Basically, it was the manufacture of chiefly decorative (hence the use of the term bauble) but sometimes also useful objects for the mantlepiece, such as stanhope viewers, spill holders, boxes, vases and candlesticks from "spar" (another name for alabaster stone), which were either carved or turned and sometimes embellished. These were essentially holiday souvenirs, destined for the fashionable resort towns of the time. This was a very seasonal trade and finished stock had to be stockpiled for later transport, to meet seasonal demands.
It was a cottage industry, often done in the home or backyard workshops, involving the family. The head male would do the carving or turning of stone on a lathe, wives would do the gluing of pieces together, waxing and polishing, or painting of items made from plainer stone to make them more desirable and give them a better value. Sometimes older children would also assist. The baubles were then packed into crates and dispatched by rail to their seaside destinations. It was usual in the summer season for the proprietor of the business (or one of his trusted employees) to take a barrow of baubles to a seaside resort and sell them to visitors from a pitch on the promenade.
This was quite a niche English industry centred around small areas of Leicestershire and Derbyshire which was being done in Matlock Bath, Derbyshire in the late 1820's. [1] Spar ornament manufacture was first mentioned as an industry in the British Magazine and Monthly Register for 1836, on p.121. The earliest known reference to a bauble-maker in Leicestershire occurs in the Loughborough Directory of 1841, with Thomas Spink listed as one on Pleasant Row in the town. The Leicestershire industry however mainly centred around Whitwick, Swannington, Thringstone, Griffydam and Coleorton having possibly originally started at Pegg's Green (a hamlet of Thringstone). The stone for this industry came from Chellaston in Derbyshire (a distance of about 12 miles), where it had been quarried since medieval times.
One has to wonder why such an industry sprang up where it did. Maybe days out in Matlock Bath gave someone in Leicestershire the idea of what to do with locally quarried stone? Locally however, only Mount Saint Bernards Abbey were selling spar souvenirs to it's summer visitors, the rest of the wares mostly went outside of the county to fashionable resorts, and some outside of the country, even as far away as Niagra Falls.

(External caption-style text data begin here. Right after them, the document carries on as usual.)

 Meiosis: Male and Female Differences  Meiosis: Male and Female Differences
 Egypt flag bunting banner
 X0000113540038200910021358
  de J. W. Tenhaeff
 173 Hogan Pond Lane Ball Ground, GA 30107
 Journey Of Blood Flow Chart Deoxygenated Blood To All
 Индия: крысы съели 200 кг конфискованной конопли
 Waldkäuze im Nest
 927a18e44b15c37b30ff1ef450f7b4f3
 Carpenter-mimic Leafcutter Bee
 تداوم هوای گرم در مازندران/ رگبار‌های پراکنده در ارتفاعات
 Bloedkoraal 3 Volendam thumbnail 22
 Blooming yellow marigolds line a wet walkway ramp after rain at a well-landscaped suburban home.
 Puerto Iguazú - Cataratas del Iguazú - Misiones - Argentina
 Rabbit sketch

As an industry, it was at it's peak during the second half of the nineteenth century but it's popularity was relatively short-lived, as competition from cheaper German imports was to be the death knell on the spar ornament making industry by the turn of the 20th century. In Kelly's Directory for 1900 only three "Spar Ornament Manufacturers" are listed. None are mentioned in the next edition of 1908. [2]
See also: Space:List_of_Spar_Manufacturers
Sources
- Below is a list of reading and other interesting links on the subject:
- A Lost Leicestershire Industry by J.A. Daniell (pdf) [2]
- http://www.geocities.ws/oliveshark53/bauble.htm (mostly the same info as the above Leicester University paper, but also has pictures.)
- Lynne About Loughborough Blogspot - Sunday, 5th January 2014 [3]
- A Bauble Maker, A Colour Maker and Me – A Cake Decorator, 10th May 2017 by Lindy Smith [4]
- Blue Plaque at Bauble Yard - Main Street - Thringstone, Leicestershire [5]
- London Labour and the London Poor Vol 1, containing an account of London barrowmen selling spar ornaments. [6]
- ↑ Glover's Directory of Derbyshire (taken in 1827-9), page 85 [1]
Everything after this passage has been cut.